If he can have an outside air supply that would be even better:thumbsup:

I wonder how much of the noise is being transferred from the furnace directly to the basement floor and propogating through the foundation. No amount of wall treatment can mitigate that.


----------



## jerryh3 (Dec 10, 2007)

pyper said:


> If he can have an outside air supply that would be even better:thumbsup:
> 
> I wonder how much of the noise is being transferred from the furnace directly to the basement floor and propogating through the foundation. No amount of wall treatment can mitigate that.


HVAC isn't really my thing so I'm not sure of the requirements for the venting. I don't think there would be a lot of transfer to the floor. I'm sure most of the noise is from the combustion and blower noise. I'm sure a good door, insulation, and 5/8" drywall would take care of most of the noise, and if not, Green glue and another layer of drywall would take of the rest.


----------



## Ted White (Jun 23, 2009)

Many good thoughts here.
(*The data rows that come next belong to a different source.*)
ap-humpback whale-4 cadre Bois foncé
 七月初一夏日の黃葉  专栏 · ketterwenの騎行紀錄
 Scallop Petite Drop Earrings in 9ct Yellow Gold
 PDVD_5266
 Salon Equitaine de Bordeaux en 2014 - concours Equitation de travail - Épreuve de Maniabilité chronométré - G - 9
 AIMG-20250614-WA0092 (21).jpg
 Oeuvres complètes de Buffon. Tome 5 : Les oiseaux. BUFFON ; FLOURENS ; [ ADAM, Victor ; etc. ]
The pre-damped drywall brands mentioned do a great job. These panels are essentially (generally) standard drywall with a bit of damping compound put in between on an assembly line. QuietRock, Supress, ComfortGuard, SoundBreak. All great, and all work.

Better and cheaper to just use really inexpensive standard 5/8" drywall and damp the panels yourself in the field. You can use QuietGlue, Swedak, DecibleDrop or Green Glue. The resulting wall will be heavier (very critical) and likely better damped.


----------



## BlueBSH (Oct 29, 2009)

pyper said:


> If he can have an outside air supply that would be even better:thumbsup:
> 
> I wonder how much of the noise is being transferred from the furnace directly to the basement floor and propogating through the foundation. No amount of wall treatment can mitigate that.


what do you mean by outside air supply? The furnance right now has its fresh air intake coming in from outside, it has PVC pipe running to the side of the house along with the exhaust going a similar route..


----------



## Ted White (Jun 23, 2009)

pyper said:


> I wonder how much of the noise is being transferred from the furnace directly to the basement floor and propogating through the foundation. No amount of wall treatment can mitigate that.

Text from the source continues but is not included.